Words on his passing can be found in Slate, Omnivoracious, Wired, Cosmic Variance, the New Yorker, and Time.

The secret of Infinite Jest for me, its core conceit, is that it is the object that is described in the title. James Incandenza's movie literally entertains its audience to death. Anyone who watches it is mesmerized into a stupor and dies in corporeal neglect. A well-executed comment on the state of the world, in which sacrifice many other perfectly fine and logical pursuits in order to be entertained. Boredom, its most basic minimalist form, having nothing to watch, nothing to play with, to text, to touch, to listen to, more than ever, is the worse possible state of being (I am as guilty of this problem as anyone). So, we will turn to anything, even the most putrid and vile entertainments for the sake of the distraction.
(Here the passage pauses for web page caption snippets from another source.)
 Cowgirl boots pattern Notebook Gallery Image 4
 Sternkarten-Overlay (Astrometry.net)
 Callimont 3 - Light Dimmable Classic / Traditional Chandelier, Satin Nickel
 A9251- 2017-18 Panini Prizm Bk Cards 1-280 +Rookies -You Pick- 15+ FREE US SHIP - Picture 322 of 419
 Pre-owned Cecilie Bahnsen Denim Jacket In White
This is the message of the book, told in tennis academy where apocalyptic games are played and dictionaries memorized and in halfway houses.

But, and this the major but... The novel itself is an attempt to outentertain anything it describes or the culture it characterizes. It pummels you with its wit. There are laugh-out-loud moments on every page and an endless reservoir of inventiveness. Its barrage of jokes is exhausting. Its exceeds everything it is critiquing. It becomes Infinite Jest, at the end it feels as if it just keeps going that thousands more pages in waiting, but it is being merciful to the reader, releasing them even as Don Gately is subdued to a last entertainment.

I have one quick other observation about the novel. It is the child of technology and it probably wouldn't have been possible with the computer. It is the most expansive work of fiction not done on pen and paper or typewriter (this is my theory). The computer is endless, infinite page. It feels like Wallace took this as a challenge and tried to fill it.

Of course, one of the seminal moments of Infinite Jest is a suicide, by microwave. It is one of the most hilarious, poignant, disturbing scenes in the book, when Wallace describes how the genius patriarch of the novel, James Incandenza, managed to seal his head in the microwave and turn it on. James was the tortured, inventive ghost haunting the book. It is sad to see Wallace follow his own invention so literally.

David Foster Wallace, thank you. Without you, so many thoughts would still be locked in my head.